Derivati bidone al comune di Milano: anche il figlio di Bassolino tra i presunti truffatori
Truffa aggravata per circonvenzione di incapace. Più o meno potrebbero essere riassunte così le accuse che il Nucleo di Polizia Tributaria della GdF di Milano attraverso il procuratore aggiunto di Milano Alfredo Robledo, ha rivolto a importanti esponenti del mondo finanziario e bancario e quattro banche. La vittima, l'incapace di intendere e di volere, nientemeno che il Comune di Milano. Tra gli accusati citati dal documento di chiusura dell'indagine 415 bis ci sono anche Gaetano Bassolino (il figlio del chiacchieratissimo Governatore della Campania, del Pd) e Mauro Mauri (già consulente finanziario dell'ex sindaco di Milano Gabriele Albertini).

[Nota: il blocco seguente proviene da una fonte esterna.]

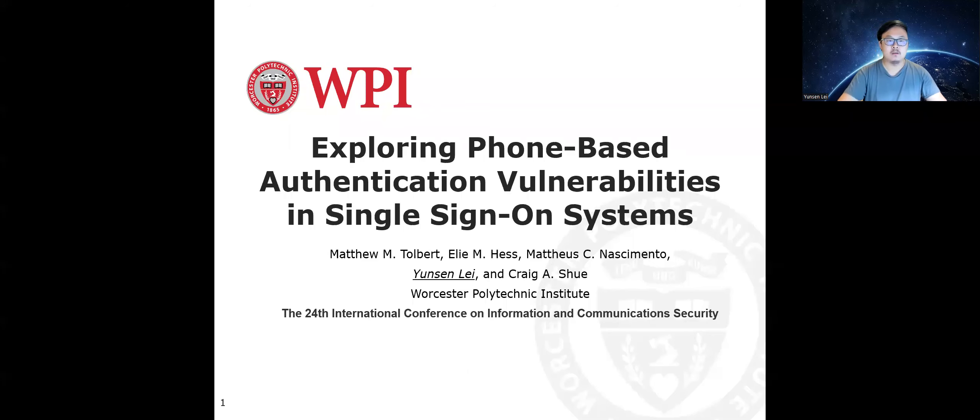Hello, I'm Yun-Sung Lei. I'm a graduate student at Ooster Polytechnic Institute. Today, I will present our work on exploring phone-based authentication vulnerabilities in single sign-on systems.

L'inchiesta nasce sulle macerie della vicenda dei derivati, bidoni finanziari stipulati a danno dell'amministrazione comunale di Milano, e relativi al prestito obbligazionario sottoscritto nel 2005 per un importo di circa 1,6 miliardi dall'ente. Questa cifra avrebbe generato profitti illeciti in favore delle banche superiori ai 100 milioni di euro.
12 funzionari di banca, 2 del Comune e 4 istituti bancari sono coinvolti nella vicenda: gli indagati sono Tommaso Zibordi e Carlo Arosio di Deutsche Bank, Gaetano Bassolino, Matteo Stassano e Alessandro Foti di Ubs Limited, Antonia Creanza, Fulvio Molvetti, Luca Brusadelli, Francesco Rossi Ferrini e Simone Rondelli (membro del cda di A2A) tutti di JP Morgan Chase Bank, Marco Santarcangelo e Francis William Marrone di Depfa Bank Plc, dell'ex direttore generale del Comune di Milano Giorgio Porta e di Mauro Mauri, esperto esterno componente della Commissione tecnica comunale preposta alla valutazione delle condizioni finali del prestito obbligazionario per la ristrutturazione del debito del comune di Milano. Le quattro banche coinvolte sono Deutsche Bank, Ubs Limited, JP Morgan Chase e Depfa. Tutti gli indagati, secondo l'accusa, hanno concorso a stipulare contratti derivati, che sarebbero dovuti servire a ristrutturare il debito del Comune di Milano, senza che in realtà ne sussistesse la convenienza economica per l'ente stesso, certificandola falsamente «con artifici e raggiri», come sostenuto nel documento di chiusura indagini.